REVIEW: ‘I Am Betty’ explores 100 years of Betty Crocker through a feminist lens

 L to R: Erin Capello, Tiffany Cooper, Liv Kemp, Jennifer Grimm, Ruthie Baker, Kiko
Laureano, Lynnea Doublette, Anna Hashizume and Stephanie Cousins in “I am Betty.” (Rick Spaulding/History Theatre)

After its success last season, the History Theatre has brought back the musical “I Am Betty” for a coveted holiday season spot.

The show covers the history of Betty Crocker since its inception in a Washburn-Crosby Company (now General Mills) test kitchen. The name was originally conceived to answer baking and cooking inquiries that were mailed to the company. 

Act 1 follows Minnesota native Marjorie Husted (Erin Capello) as she helps launch Betty Crocker, even expanding her voice to the company’s radio station, WCCO. 

The musical also delves into Marjorie’s personal life as she battles the pressures of becoming a housewife while building her career. Marjorie tries to make time for her doting husband, Wally, but success seems to find her at every corner, and juggling the two seems impossible. 

Capello as Marjorie shines particularly in the beginning of the show’s solo, “Something More.” It’s a take on the classic “I Want” song among the likes of “Part of Your World” and “Belle,” complete with a stunning Broadway belt that gave me tingles. 

Equally featured in Act 2 is Lynnea Doublette as Barbaro Jo Davis, one of the first Black women to work in a Betty Crocker kitchen. Much later into the company’s history, Barbara Jo must contend with the overbearing white company executives and her yearning to join her husband’s start-up barbecue business. 
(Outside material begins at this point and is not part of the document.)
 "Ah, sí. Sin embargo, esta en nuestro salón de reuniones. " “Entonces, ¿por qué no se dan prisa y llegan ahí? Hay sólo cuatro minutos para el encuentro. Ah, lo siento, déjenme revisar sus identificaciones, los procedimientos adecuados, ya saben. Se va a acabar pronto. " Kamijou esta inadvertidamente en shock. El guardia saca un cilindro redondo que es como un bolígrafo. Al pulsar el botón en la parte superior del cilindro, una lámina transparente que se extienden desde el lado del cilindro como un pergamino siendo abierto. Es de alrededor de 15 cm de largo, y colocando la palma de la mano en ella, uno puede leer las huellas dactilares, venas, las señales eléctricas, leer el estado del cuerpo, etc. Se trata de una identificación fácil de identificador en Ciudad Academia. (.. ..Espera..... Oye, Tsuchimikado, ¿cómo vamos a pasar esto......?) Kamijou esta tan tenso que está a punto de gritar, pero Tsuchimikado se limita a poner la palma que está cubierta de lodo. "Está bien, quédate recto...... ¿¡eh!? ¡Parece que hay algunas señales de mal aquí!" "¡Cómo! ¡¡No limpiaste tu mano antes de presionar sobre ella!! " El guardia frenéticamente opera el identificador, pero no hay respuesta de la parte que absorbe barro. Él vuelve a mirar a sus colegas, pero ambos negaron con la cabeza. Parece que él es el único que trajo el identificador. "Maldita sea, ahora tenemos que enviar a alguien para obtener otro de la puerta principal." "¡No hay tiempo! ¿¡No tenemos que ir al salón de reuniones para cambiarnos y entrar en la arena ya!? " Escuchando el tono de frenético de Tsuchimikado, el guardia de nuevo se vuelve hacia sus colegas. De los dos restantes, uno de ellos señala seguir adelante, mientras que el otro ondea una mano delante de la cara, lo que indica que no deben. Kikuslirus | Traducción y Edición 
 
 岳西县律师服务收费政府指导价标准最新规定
These performances are backed up by the ever-costume-changing supporting cast, assisting in other roles when needed. 

Most importantly, though, as we follow these women’s lives and their involvement with Betty Crocker, we track the feminist movement — all the way from women gaining the right to vote in 1921, through the four waves of the feminist movement. The book and script written by Cristina Luzárraga aptly acknowledge the strengths and pitfalls of each movement. For example, while white women advocate for their place in the workforce during the second-wave feminist movement, a character says that Black women have held service jobs and supported families the whole time. 

“Betty” even introduces “The Feminine Mystique” author Betty Friedan (Jennifer Grimm) at the beginning of Act 2, who is immediately criticized for her sole focus on white, middle-class suburban women.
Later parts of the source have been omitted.